=== Begin Enclosure ===
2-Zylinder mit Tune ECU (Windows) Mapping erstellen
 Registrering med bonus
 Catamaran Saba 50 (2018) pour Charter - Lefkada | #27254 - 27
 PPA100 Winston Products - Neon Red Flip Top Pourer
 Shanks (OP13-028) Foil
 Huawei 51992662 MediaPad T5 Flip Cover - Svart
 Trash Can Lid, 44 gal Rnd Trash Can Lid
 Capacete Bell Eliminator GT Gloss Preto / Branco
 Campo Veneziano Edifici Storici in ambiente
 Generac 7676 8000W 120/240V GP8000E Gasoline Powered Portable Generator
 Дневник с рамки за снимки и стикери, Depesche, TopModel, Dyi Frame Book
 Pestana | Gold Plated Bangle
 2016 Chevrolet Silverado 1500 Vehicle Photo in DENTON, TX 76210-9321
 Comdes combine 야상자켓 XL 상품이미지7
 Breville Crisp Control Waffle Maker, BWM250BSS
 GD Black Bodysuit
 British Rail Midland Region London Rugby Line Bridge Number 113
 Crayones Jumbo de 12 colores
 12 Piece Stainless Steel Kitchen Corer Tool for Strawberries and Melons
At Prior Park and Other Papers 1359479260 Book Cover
=== End Enclosure ===
» **TASK OBJECTIVE**:
Everything from the line containing "GD Black Bodysuit" through the last line above should be copied exactly, please, with nothing added.

» **OUTPUT BELOW**:
 GD Black Bodysuit
 British Rail Midland Region London Rugby Line Bridge Number 113
 Crayones Jumbo de 12 colores
 12 Piece Stainless Steel Kitchen Corer Tool for Strawberries and Melons
At Prior Park and Other Papers 1359479260 Book Cover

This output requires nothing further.